My freakin' back!
L.E. got a new play kitchen for her birthday. It arrived on Thursday and sat in the box for a few days. Considering it contained a stove/sink combo plus refrigerator, the box was rather small. That only means one thing in baby-land: get out the screwdriver and try to decipher the 48-page, illustration-only instruction booklet.
This is the first really big toy T and I have had to put together since becoming Mom and Dad. At Christmas, my parents were here and since they were the ones who bought all of the crazy-big toys for L.E., they had to put them all together. T and I have been pretty lucky. Aside from the normal baby stuff like the swing, bouncey seat, strollers, etc there really hasn't been much assembly. (Except for the rocking chair which I wheeled into the house and put it together all by myself 3 weeks before my due date. Weird burst of strength and energy on that one.)

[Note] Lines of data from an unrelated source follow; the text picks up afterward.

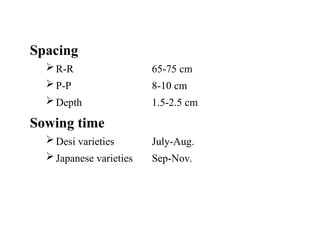 Spacing
R-R 65-75 cm
P-P 8-10 cm
Depth 1.5-2.5 cm
Sowing time
Desi varieties July-Aug.
Japanese varieties Sep-Nov.
 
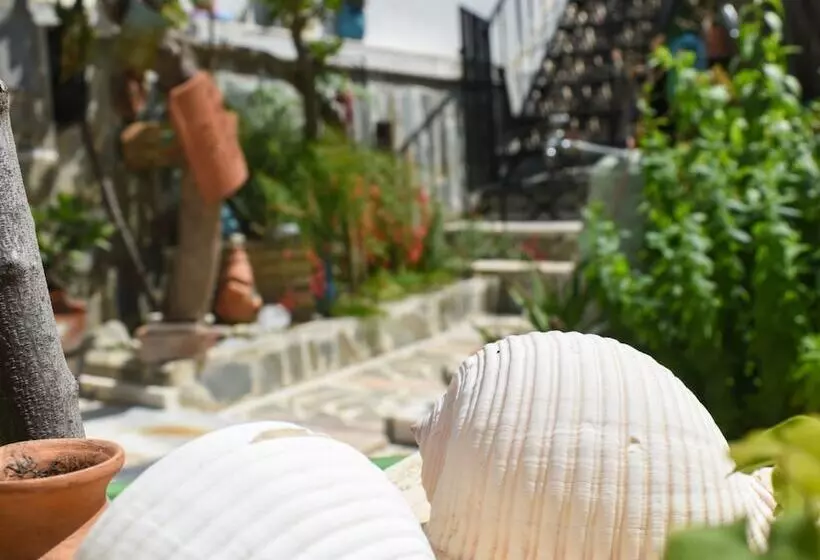Urban Seaside Oasis   Adriana S Garden Paradise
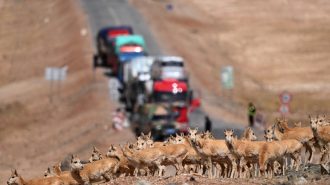Antílopes tibetanos eligen la Reserva Natural Nacional Hoh Xil como su refugio seguro para dar a luz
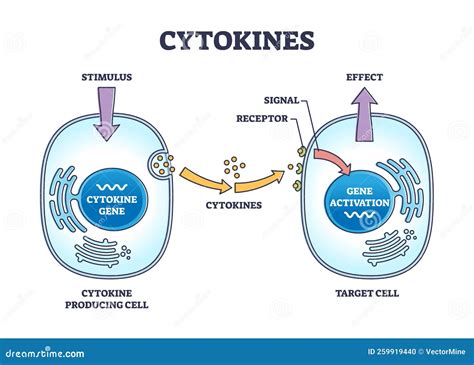 Cytokines Diagram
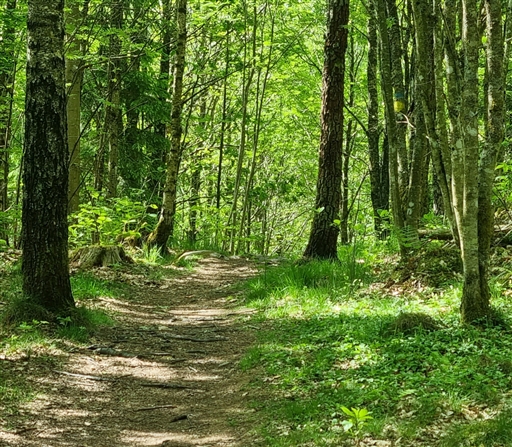 Bild uppladdad av Nicklas Nordborg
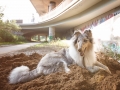 Tierfotografie_Hundefotografie_Langhaarcollie_Collie_Gaia_blue_merle_Rough_Collie_Marburg_Fotografin_Christine_Hemlep_Sand_Haufen_spielen_toben (29)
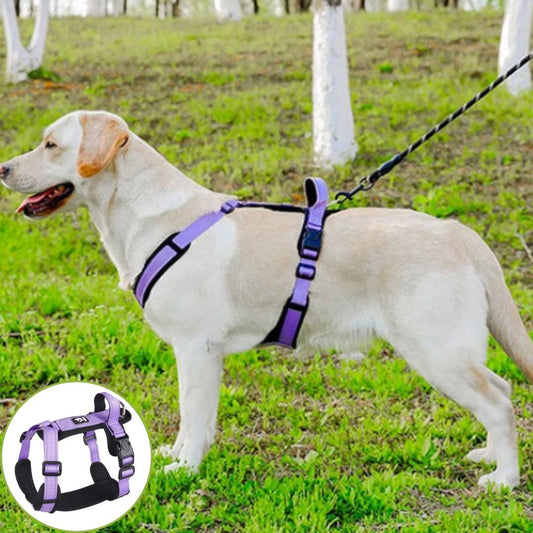 Harnais pour chien ǀ ToutouPro™ - Nice - Toutou Pros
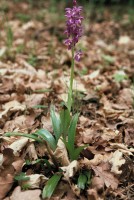 Orchis mascula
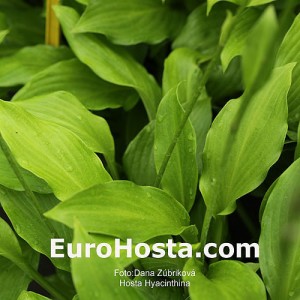 Hosta Hyacithina - Eurohosta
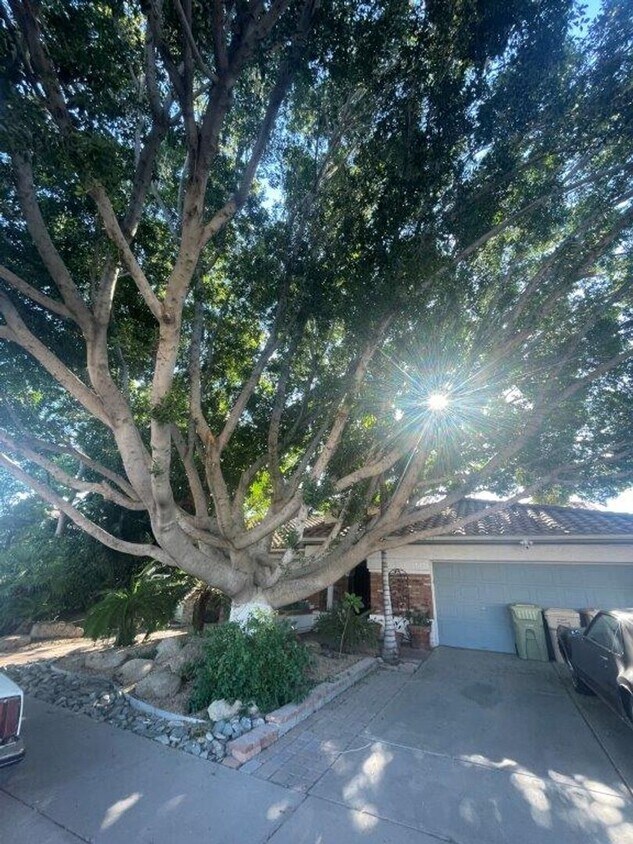 Foto principal - 6049 W Grandview Rd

Here's the funny part. I LOVE putting things together! I single-handedly put our dining set together. When the crib showed up, T just stood there holding the heavy pieces. Last time we visited T's dad, I directed the two of them as they put a new gas grill together, otherwise it would have taken them a week. I feel like I should have been an engineer or something. Or else I'm just really good at following directions.

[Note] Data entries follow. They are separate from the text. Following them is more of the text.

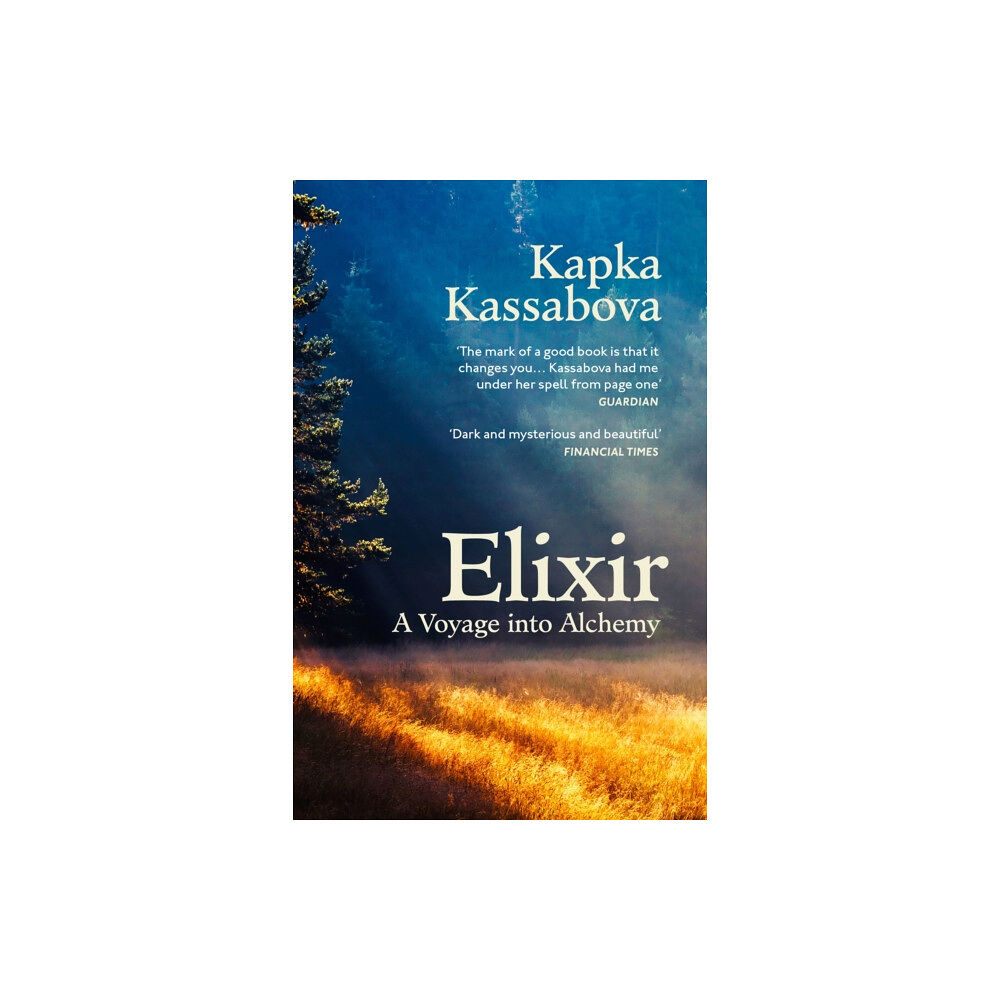 Vintage Publishing Elixir (häftad, eng)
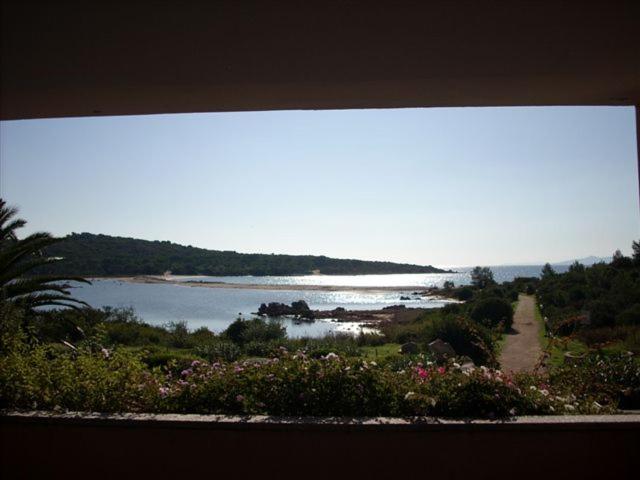 Residence Porto Coda Cavallo - Appartamento con 1 Camera da Letto (4 Adulti) - 14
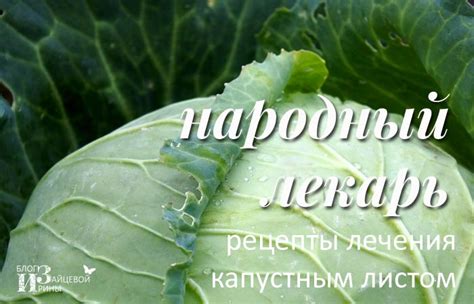 Преимущества применения капустного листа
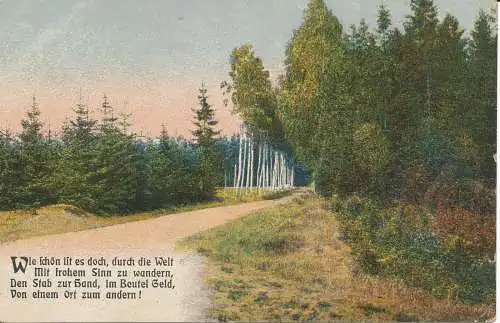 PC38923 Alte Postkarte. Wald. B. Hopkins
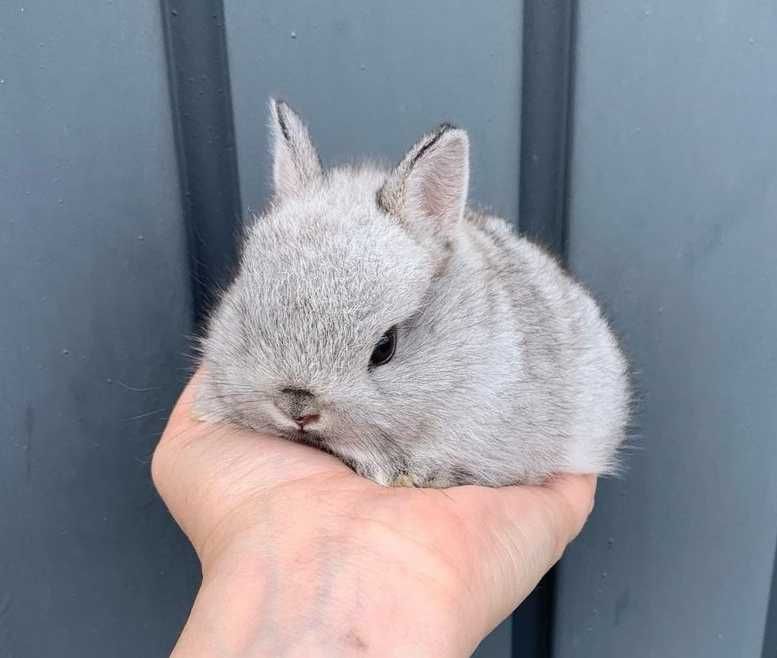 KIT Coelhos anões angorá, holandês mini e teddy desparasitados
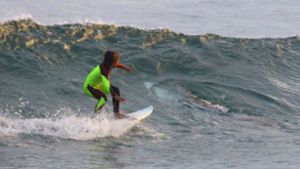 Vater fotografiert Hai unter zehnjährigem Sohn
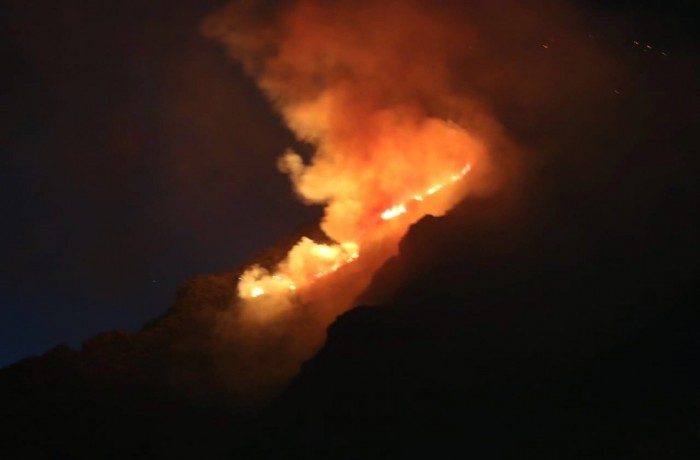 DESTINARÁ CONAFOR RECURSOS PARA RESTAURAR ÁREAS AFECTADAS POR INCENDIOS EN COAHUILA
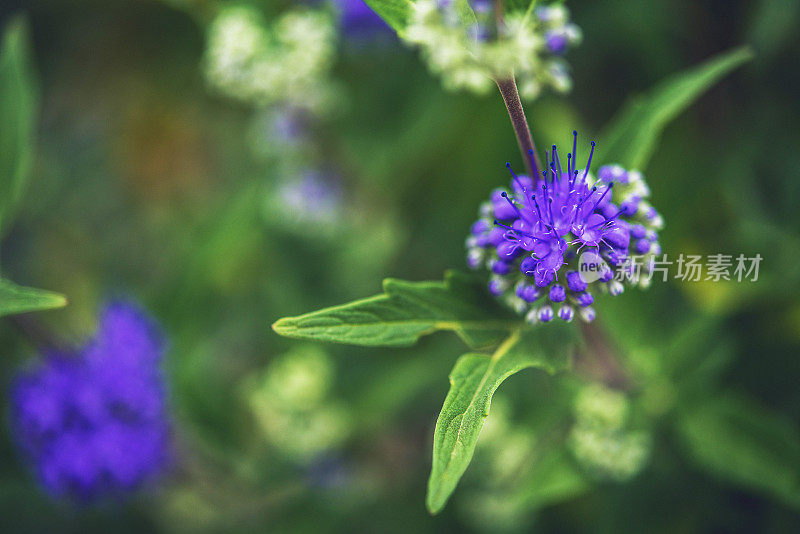 蓝雾绣线菊大量生长。Caryopteris Clandonensis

So T knows not to assemble anything without my being around to "supervise." But he still put the sink/stove together while I was out. The fridge was up to me. It surprisingly wasn't too bad. But about halfway through putting the door on it, I felt a pinch. OK, it felt more like the icy-hot grip of death on my lower spine, as if a glove with rusty nails pointy-end-out attached was being squeezed into me after I'd been beaten with a baseball bat. (I've never had a back spasm before). I seized up and pretty much landed face-down in a pile of unused screws. Two Vicodin later (thank you, c-section) I was able to at least move to the couch. The rest of the day, it was as if L.E. didn't have a mom to hold her. I tried to lift her up but almost dropped her. Twice. Of course, the side of my back that hurt is the same side I perch her on.
I'm not one for massages but I figured if I wanted to at least partially function, I better get one. I went to a chain massage place that's reasonably priced. But when they asked if I'd like to become a member and I politely declined, they turned bitchy. If I can't commit to a workout "program" of walking around the block twice a week, how can i commit to a massage-membership? They were super-pushy about it. Can't a gal just get a massage once in a great while? Why do I always have to commit to something? Like punch cards?

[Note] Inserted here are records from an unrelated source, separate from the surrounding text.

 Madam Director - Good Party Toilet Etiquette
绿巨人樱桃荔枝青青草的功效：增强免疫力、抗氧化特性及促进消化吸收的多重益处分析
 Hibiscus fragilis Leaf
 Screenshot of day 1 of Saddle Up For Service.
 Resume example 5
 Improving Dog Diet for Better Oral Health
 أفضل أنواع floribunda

After the usual post-massage achey-ness, I finally can lift my kid up again. But I can't swing her or throw her up in the air unless it's over a soft, fluffy surface like the bed or dirty laundry pile. She appreciates that.
At least we finished the kitchen. It's actually pretty awesome. And the best part about it is it doesn't require batteries because it doesn't make noise!*
I guess the moral of the story is before you assemble your kids' toys, LIMBER UP.
*I would really like to hear about the kid who swallowed a battery and ruined parents' lives forever because the clicky thing wasn't good enough in keeping jr from eating some double-As. Now we need to use a screwdriver? Really? Did something like that really happen or is it all a conspiracy started by the screw makers?